Work instruction
From the first line of the data down to and including the line with "Kkx Asian เด็กผู้หญิง", copy everything exactly, leaving out pictures.

Material shown
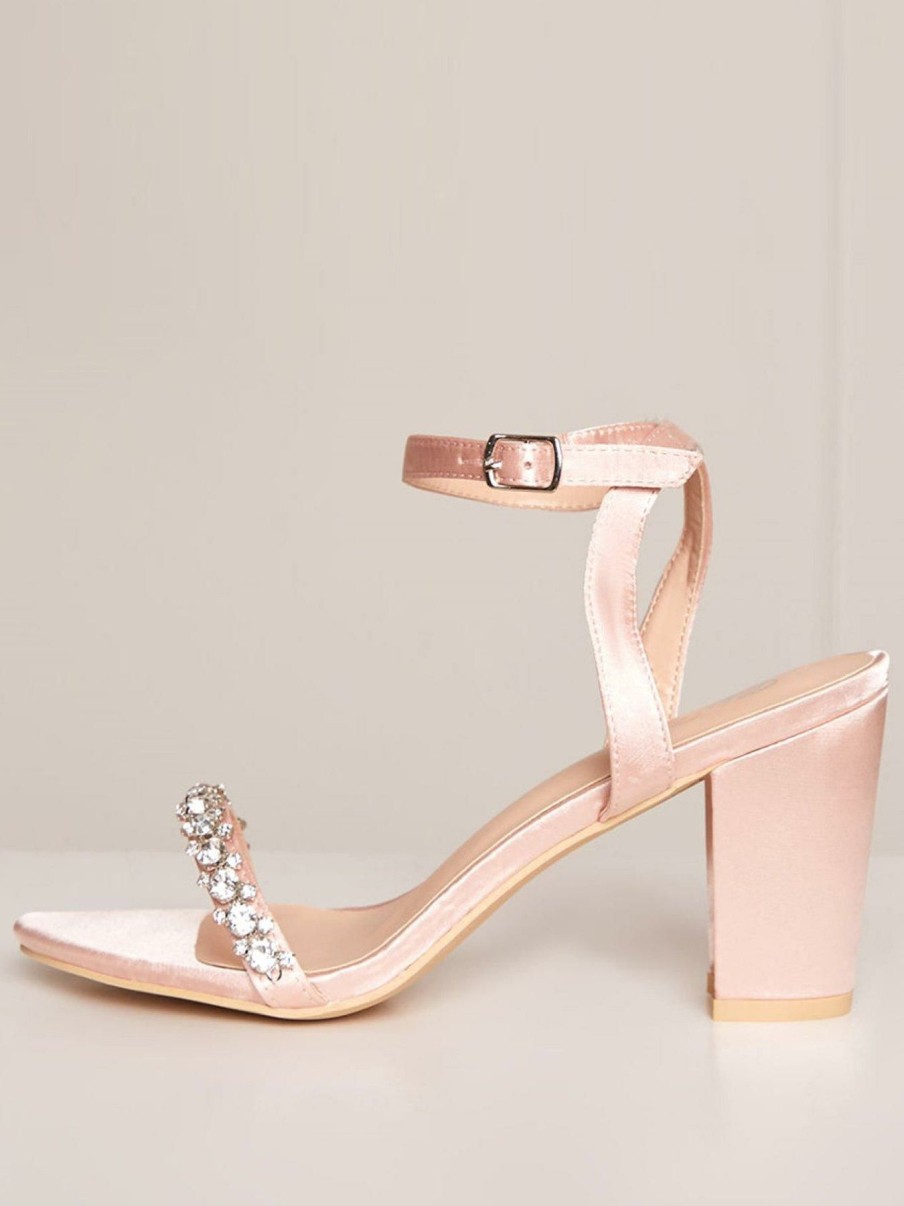 Shoes & Boots * | Chi Chi London Block Heel Diamante Sandal Pink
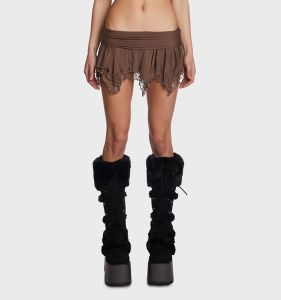 Kkx Asian เด็กผู้หญิง สไปซี่สองชั้น ลูกไม้ ชายเสื้อไม่ปกติ มินิครึ่ง กระโปรง ต่ํา เอว สไตล์ตะวันตกสั้นพิเศษ กระโปรง ฤดูร้อน 2023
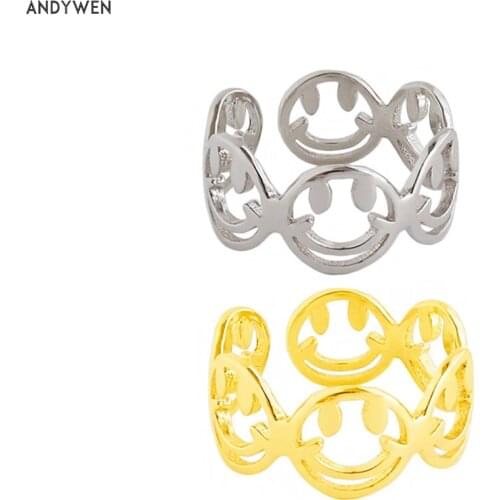ANDYWEN 925 Sterling Silver Smile Resizable Rings Plain Gold Luxury Women Open Love Adjustable Fine Jewelry For Wedding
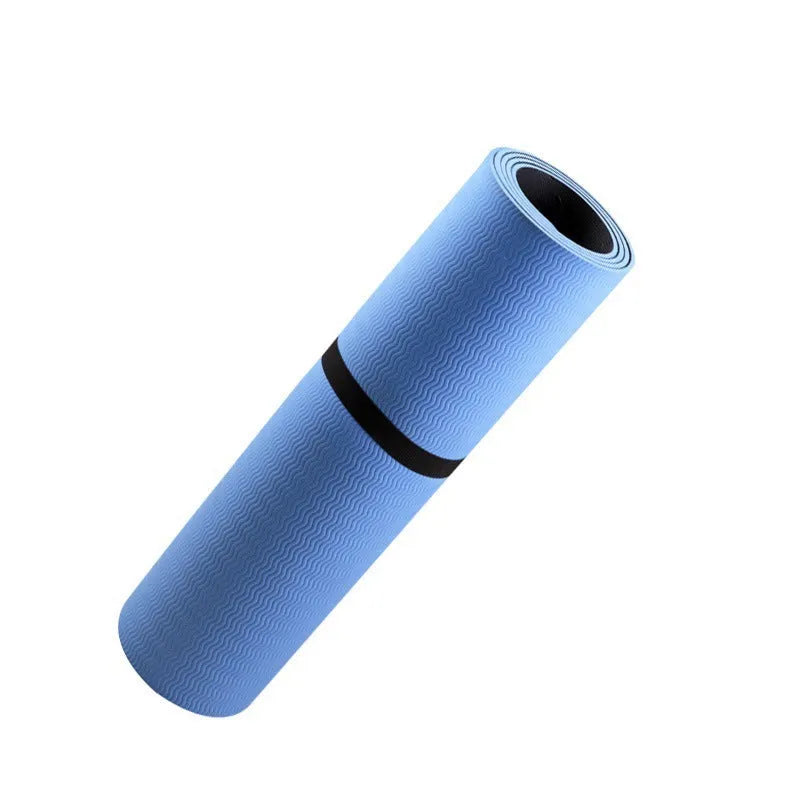 Blue conductive grounding yoga mat with plants pattern, 182x61cm dimensions and grounding wire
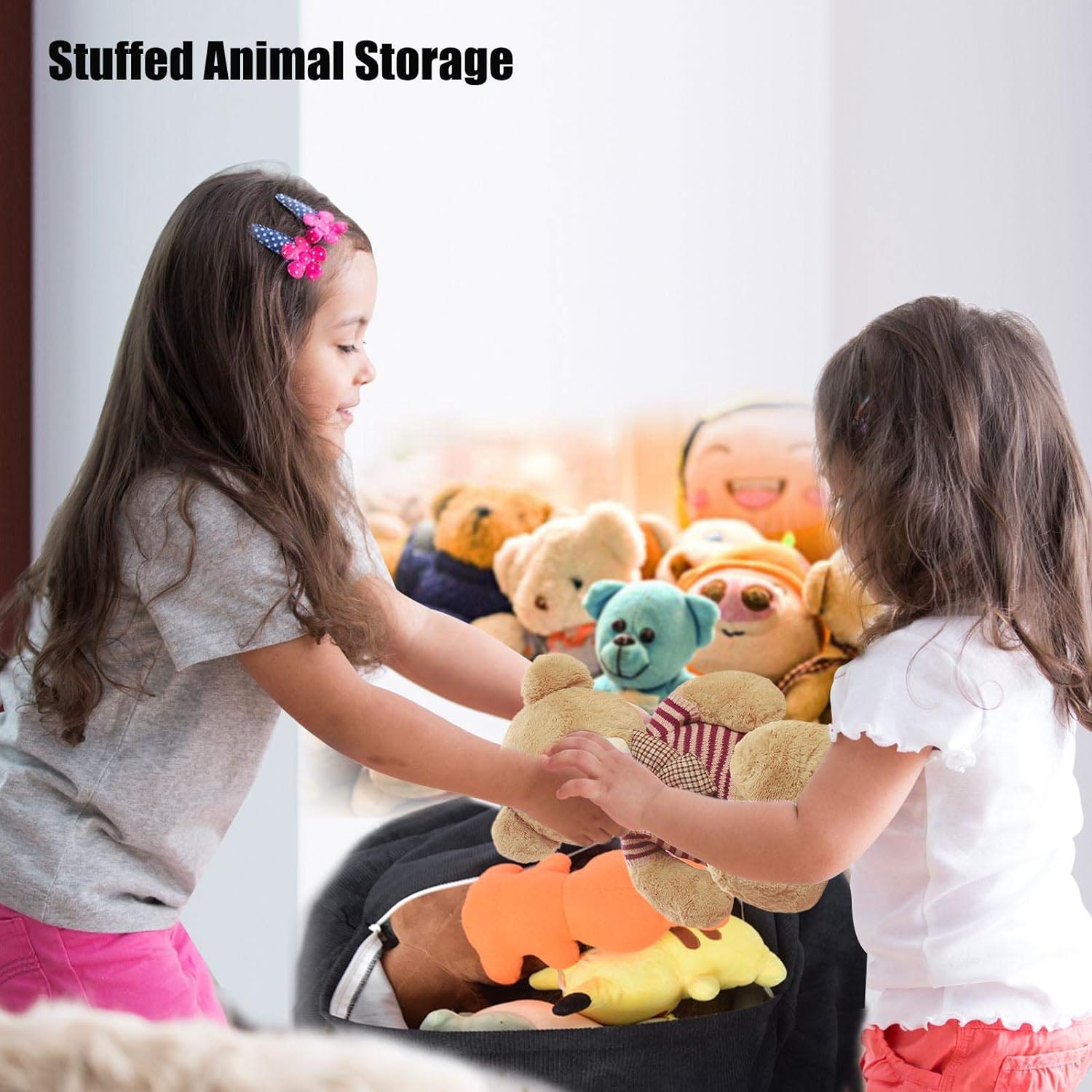 Kisoy – Funda para puf de almacenamiento de animales de peluche (sin relleno), lavable, ultrasuave, para organizar juguetes de peluche o textiles,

Answer box
 Shoes & Boots * | Chi Chi London Block Heel Diamante Sandal Pink
 Kkx Asian เด็กผู้หญิง สไปซี่สองชั้น ลูกไม้ ชายเสื้อไม่ปกติ มินิครึ่ง กระโปรง ต่ํา เอว สไตล์ตะวันตกสั้นพิเศษ กระโปรง ฤดูร้อน 2023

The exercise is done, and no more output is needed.